Skeena Member of the Legislative Assembly (MLA) Ellis Ross has confirmed he’s in the running to be the next leader of the BC Liberal party.
First elected in 2017 and then re-elected in the Oct. 2020 general election, Ross wants to replace Andrew Wilkinson who resigned following the party’s poor showing in that latter election which saw the NDP capture a commanding majority.
Speaking this week, Ross said he was tapped on the shoulder by another BC Liberal MLA and told he should run in 2017 following Christy Clark’s resignation as BC Liberal party leader when that party was replaced in government by the NDP and Greens.
“I was pretty shocked,” said Ross of that encounter. “I wasn’t ready then. I needed to know the job of MLA. I had no idea what it meant.”
And now, approaching four years of experience in the legislature, Ross said he’s been absorbing the provincial political landscape and learning what it takes to be a leader.
That hasn’t changed what he says has been his core beliefs as the representative for the Skeena riding.
“My foundation is to build something for today and to build something for tomorrow,” said Ross who has been a consistent promoter of job creation through economic development.
Ross has also developed a reputation as being somewhat of an independent MLA.
“People talk about being hard right or hard left. I had no idea what that meant. I had to Google it. What I see is what’s practical and what’s good for the province and for the people,” he said.
The B.C. Liberal party has recently formed a committee that will set out the rules and timetable for the leadership race.
And until all that is known, Ross has yet to form an official campaign team or start raising money but is seeking the advice and opinions of people experienced in provincial politics and leadership.
He already has the support of fellow BC Liberal MLA John Rustad who represents the Nechako Lakes riding which stretches from the Houston area east to Vanderhoof and north to Fort St. James.
“I think he would make an excellent leader and premier,” said Rustad who worked closely with Ross when he was the aboriginal relations and reconciliation minister in a previous B.C. Liberal government and Ross was the chief councillor for the Haisla Nation.
“For my part, I would do anything I could to encourage him to run,” Rustad said. “He’s not caught up in the political system.
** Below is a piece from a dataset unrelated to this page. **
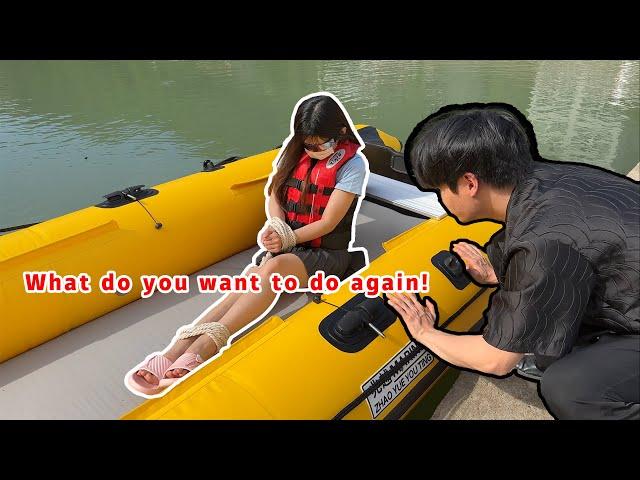 girlfriend is trapped on a small boat. How should she escape?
He is what he is.”
Ross was first an elected councillor and then the elected chief councillor for the Haisla Nation when natural gas companies began knocking on the First Nation’s door in pursuit of economic development agreements leading to proposed liquefied natural gas plants in the Kitimat area.
He also served on indigenous economic development groups during the BC Liberal time in government and was then-Premier Christy Clark’s hand-picked candidate for the riding in the 2017 provincial election.